Die Piraten haben einen Achtungserfolg erzielt und insbesondere bei den Jungwählern gepunktet. Mit ihnen dürfte in Zukunft weiterhin zu rechnen sein.
Die Wahlbeteiligung war mit nur 70,8% erschreckend niedrig; der Negativrekord von 2005 wurde deutlich unterboten. Kein gutes Zeichen... Zugegeben, der Wahlkampf war nicht gerade spannend. Daran lag es wohl auch.

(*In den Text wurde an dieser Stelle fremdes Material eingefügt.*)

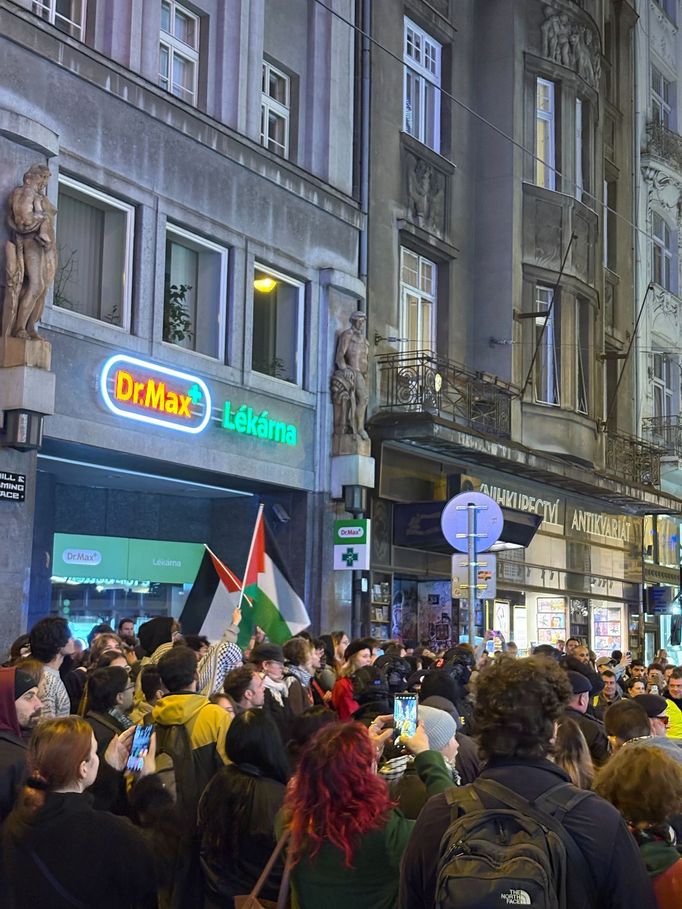 Propalestinští protestující zablokovali na Národní třídě dopravu. Nemohla projet auta ani hromadná doprava včetně tramvají.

Bundestagswahlergebnisse 2009 in Bayern

CSU: 42,6% 2009 (49,2% 2005)
SPD: 16,8% (25,5%)
FDP: 14,7% (9,5%)
Grüne: 10,8% (7,9%)
Linke: 6,5% (3,4%)
Sonstige: 8,7%, davon wie im Bund 2,0% für die Piraten
Wahlbeteiligung: 71,8% (78,1%)

Die Zeiten, in denen die CSU auf "50% + x" kam, sind wohl endgültig vorbei. Ministerpräsident Seehofers Angriffe auf die FDP haben seiner eigenen Partei, der CSU, geschadet.
Die SPD hat mal wieder ein historisch niedriges Ergebnis; in Oberbayern und Schwaben liegt die FDP gar vor der SPD (Oberbayern: FDP 16,1% und SPD 15,5%; Schwaben: FDP 15,6% und SPD 14,4%). Immerhin hat die CSU diesmal sämtliche bayerischen Direktmandate geholt, während 2005 noch eines im Münchner Norden an die SPD ging. Karl-Theodor zu Guttenberg ist - wenig überraschend - Deutschlands Erststimmenkönig; er hat sein Direktmandat mit satten 68,1% verteidigt.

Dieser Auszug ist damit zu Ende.